Allan Ramsay, court painter to King George III, was one of the major portrait painters of the eighteenth-century British school. Born in Edinburgh, he was also an important figure in the Scottish Enlightenment; his Dialogue on Taste merits an honored place among eighteenth-century belles lettres. This book by the world's foremost authority on Ramsay gives an entirely fresh account of Ramsay's life and sheds new light on his artistic and intellectual development.
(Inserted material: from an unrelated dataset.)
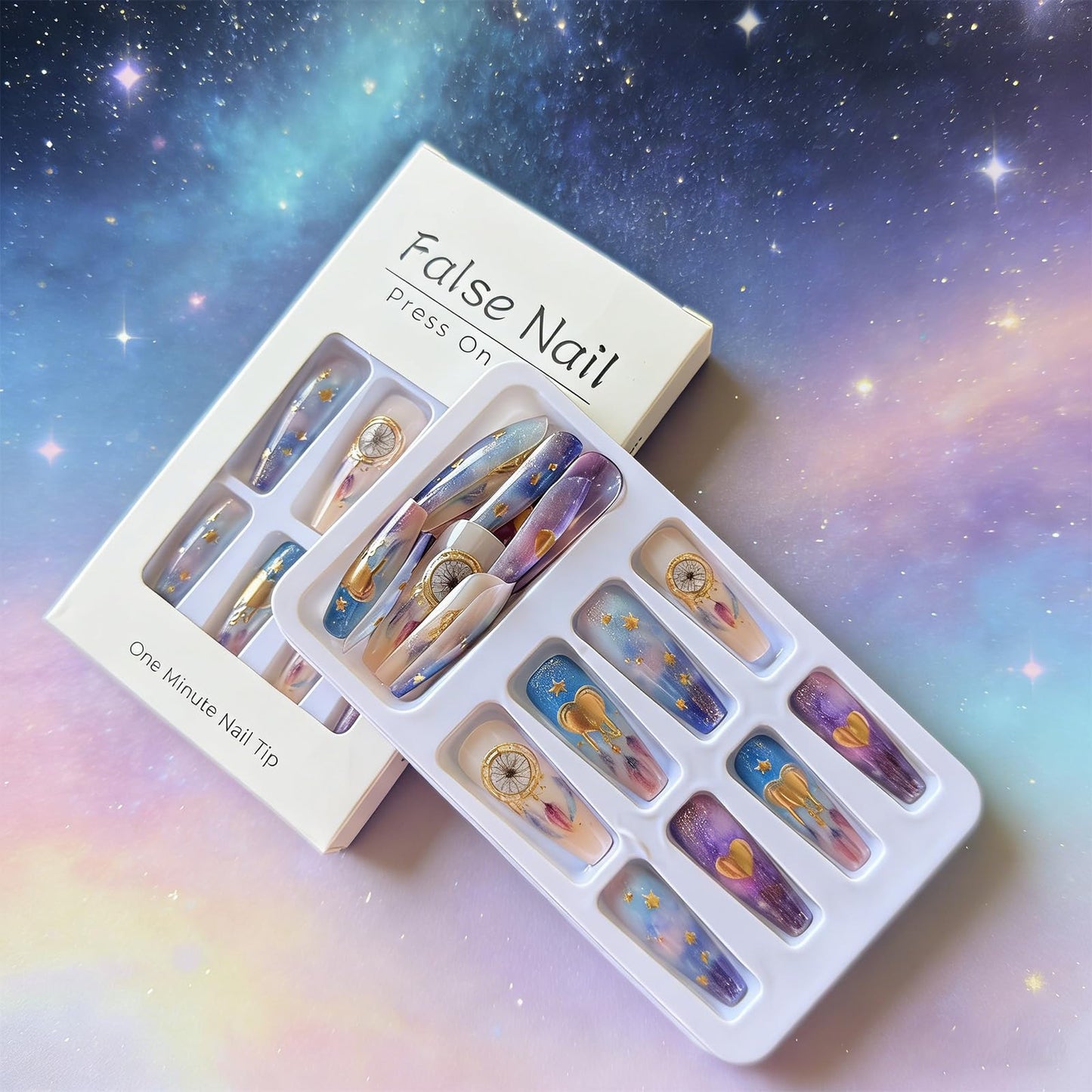 Medium Coffin Press on Nails Boho Chic Fake Nails Cosmic Galaxy False Nails with 3D Gold Heart Star Dream Catcher Designs Reusable Artificial Nail Full Cover Stick on Nails for Women Manicure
A classical scholar and master of several modern languages, Ramsay was unquestionably the most learned and erudite artist of the age. His friends included such celebrated men of letters as David Hume, Adam Smith, Horace Walpole, Samuel Johnson, and James Boswell, and he came to know the French philosophes Voltaire, Diderot, d'Holbach, and Rousseau (whose portrait he painted.) Alastair Smart describes Ramsay's early years, his artistic training in Scotland, England, and Italy, his rise to prominence as the leading portrait painter in England, his two marriages, his travels abroad, and his appointment as painter to the King. He discusses Ramsay's ideas, especially as revealed in the Dialogue on Taste. He analyzes the various phases in Ramsay's development as a painter and explores his relationship to the contemporary painters Hogarth and Highmore and to the younger painters Reynolds and Gainsborough. Smart's extensive discussions of Ramsay's major works are accompanied by numerous reproductions of his paintings, many appearing for the first time.
Smart's biography of a remarkable Enlightenment figure-the fruits of sustained research over forty years-fills a considerable gap in our knowledge of British eighteenth-century art.